How to complete this task. Take the lines below from the one with "Audi A8 A8*" through the one with "Cepillo de dientes" and retype them exactly. Include nothing else, and no pictures.

Information supplied.
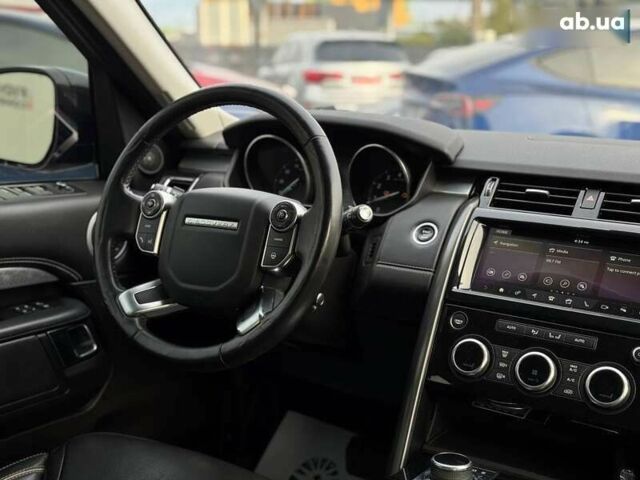 Ленд Ровер Діскавері, об'ємом двигуна 3 л та пробігом 184 тис. км за 21500 $, фото 19 на Automoto.ua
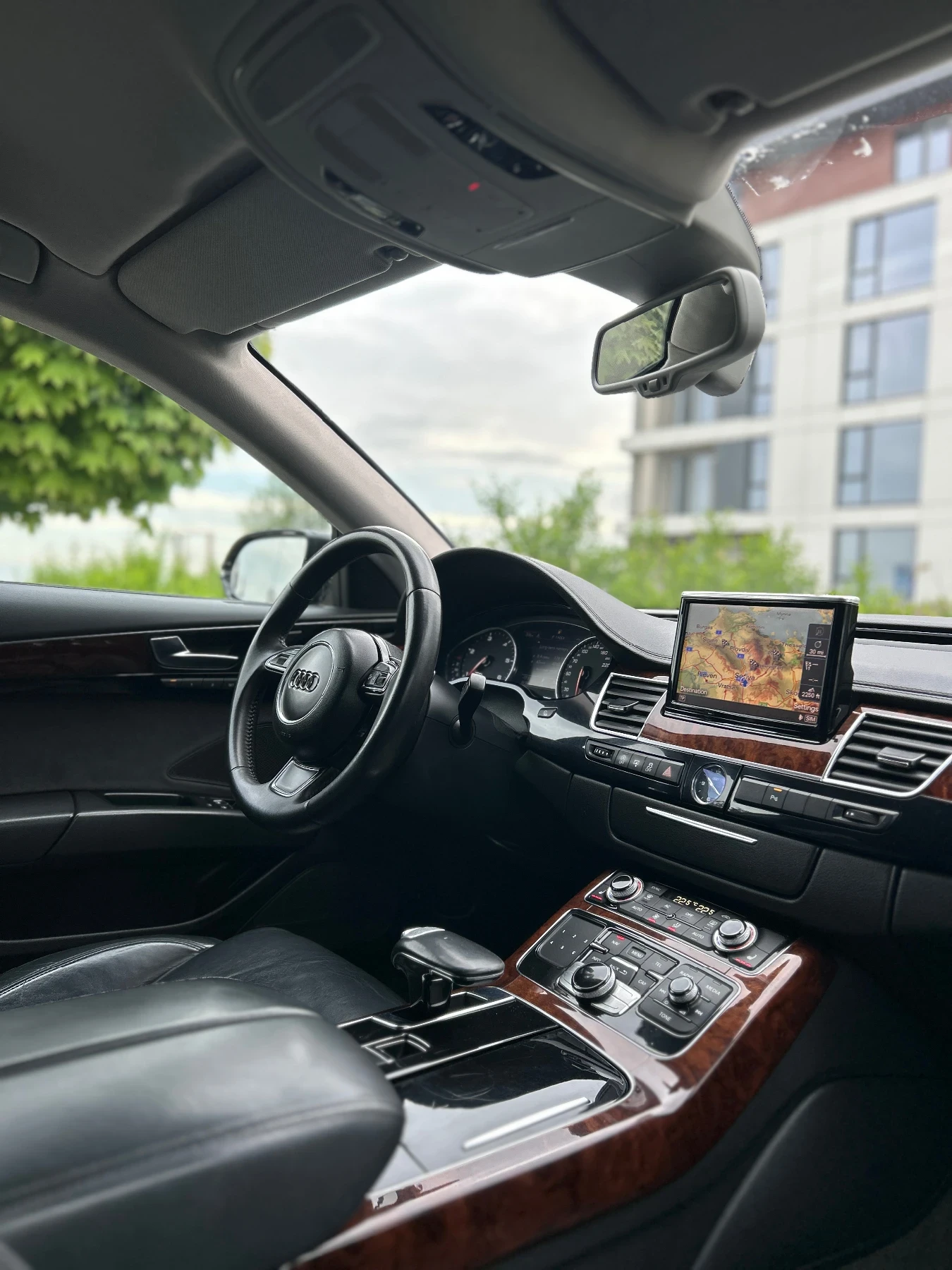 Audi A8 A8* 3.0TDI* QUATTRO* LED | Mobile.bg � ����������� 12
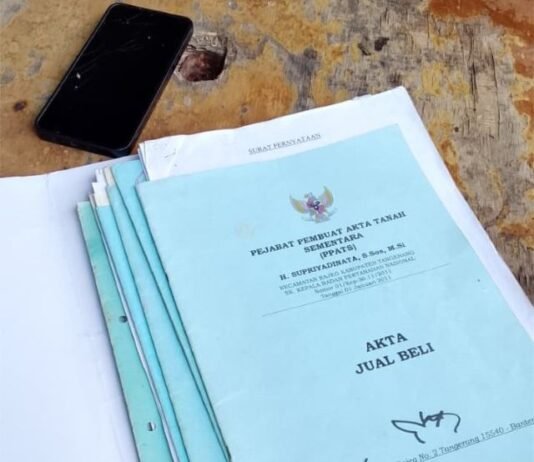 PT. Gradika Pratama Diduga Kuat Belum Bayar Akses Jalan Perumahan Graha Mekarsari Indah, 13 Tahun Belum Ada Penyelesaian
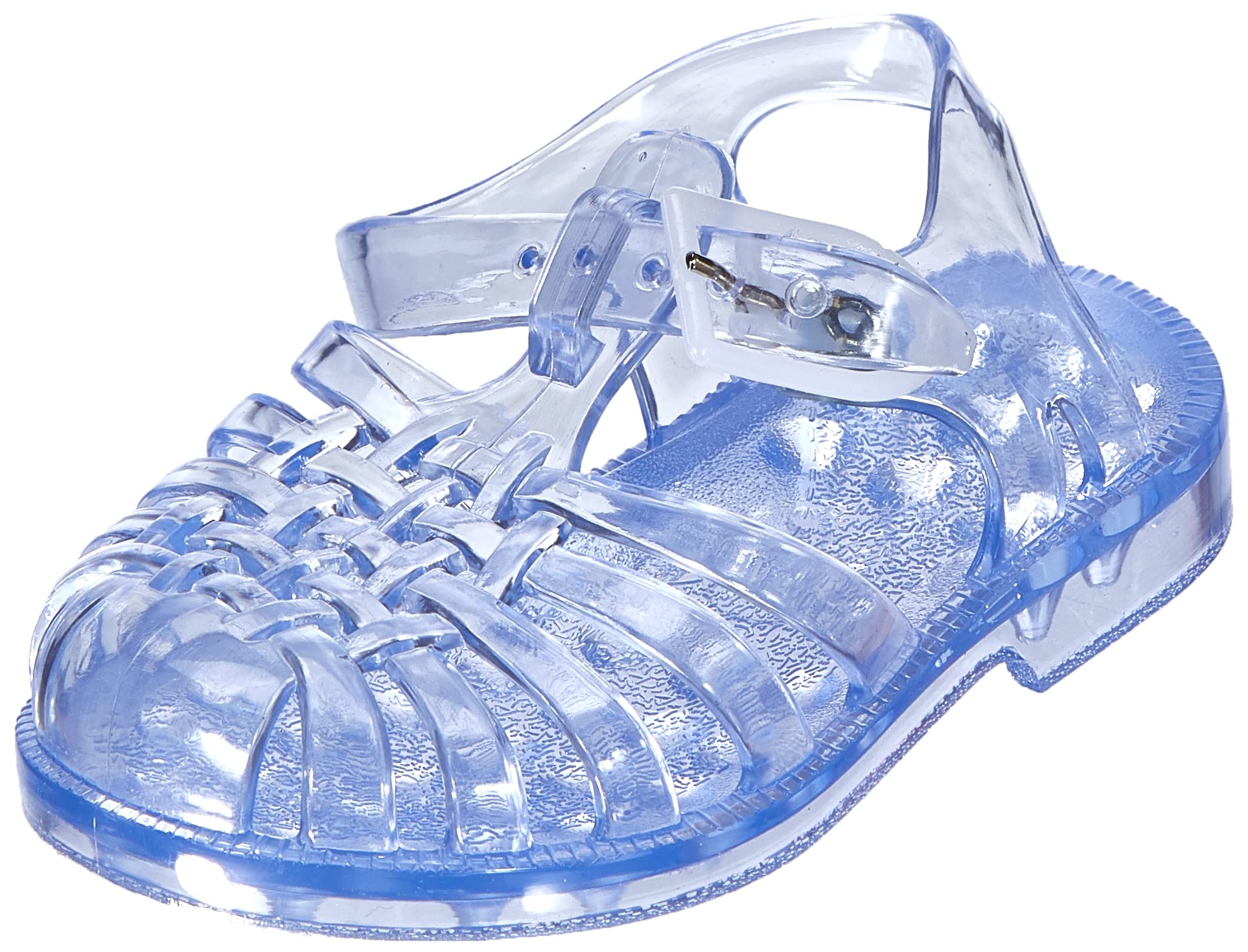 Sandales en Plastique Cristal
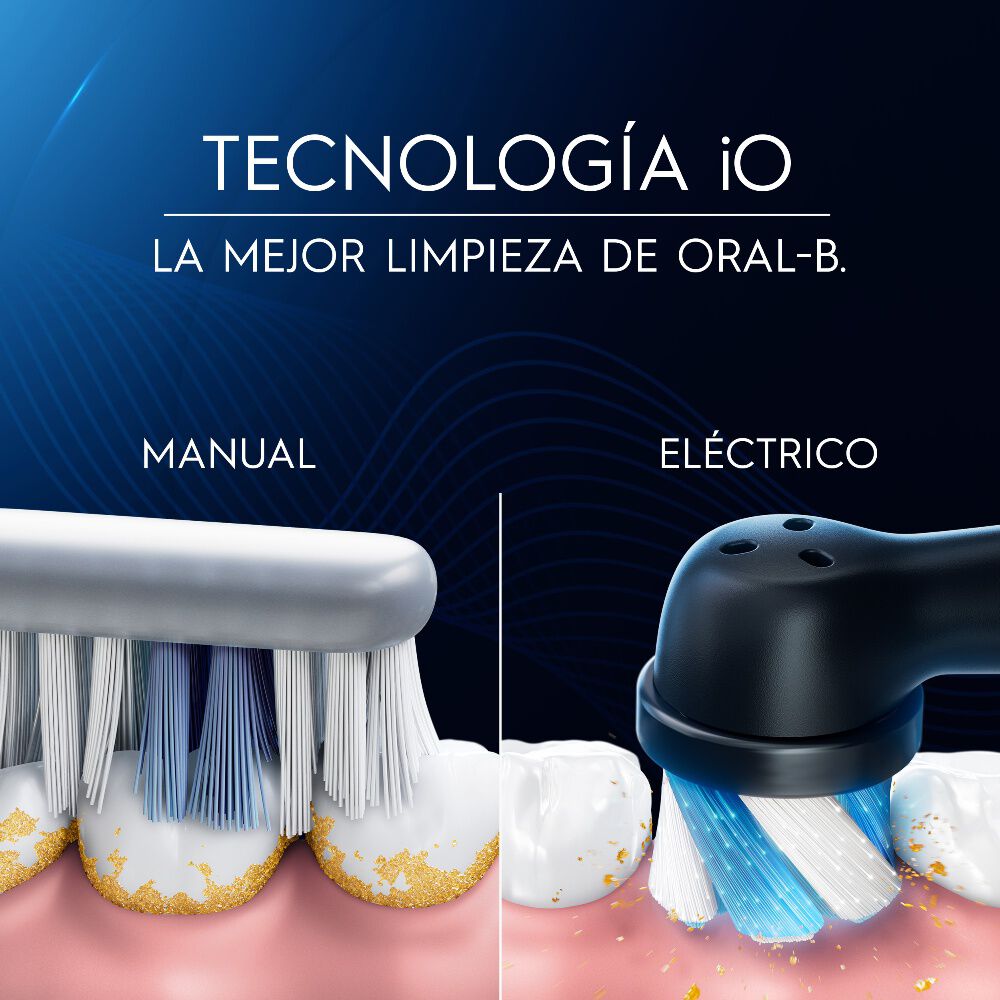 Cepillo de dientes best sale eléctrico farmacia ahumada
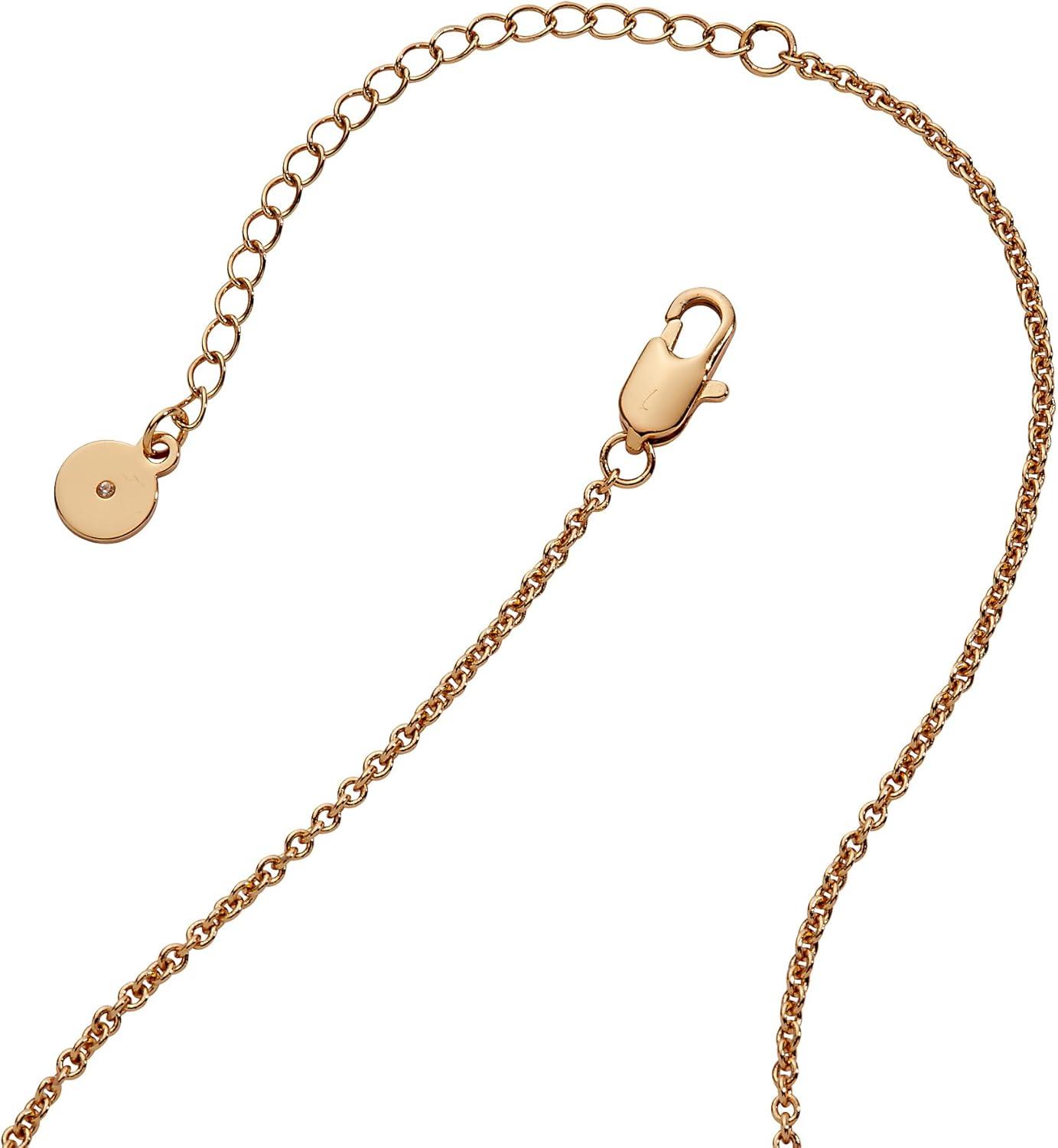 imageAlex and Ani Spill the Tea Cup Charm Pendant NecklacesGold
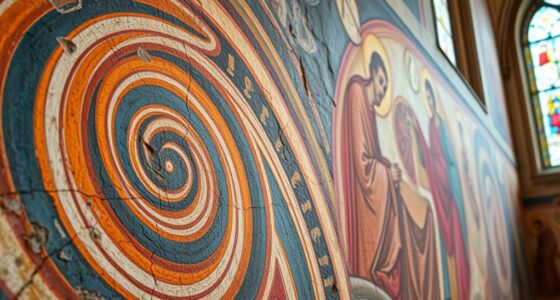 italian church fresco techniques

Task output.
 Audi A8 A8* 3.0TDI* QUATTRO* LED | Mobile.bg � ����������� 12
 PT. Gradika Pratama Diduga Kuat Belum Bayar Akses Jalan Perumahan Graha Mekarsari Indah, 13 Tahun Belum Ada Penyelesaian
 Sandales en Plastique Cristal
 Cepillo de dientes best sale eléctrico farmacia ahumada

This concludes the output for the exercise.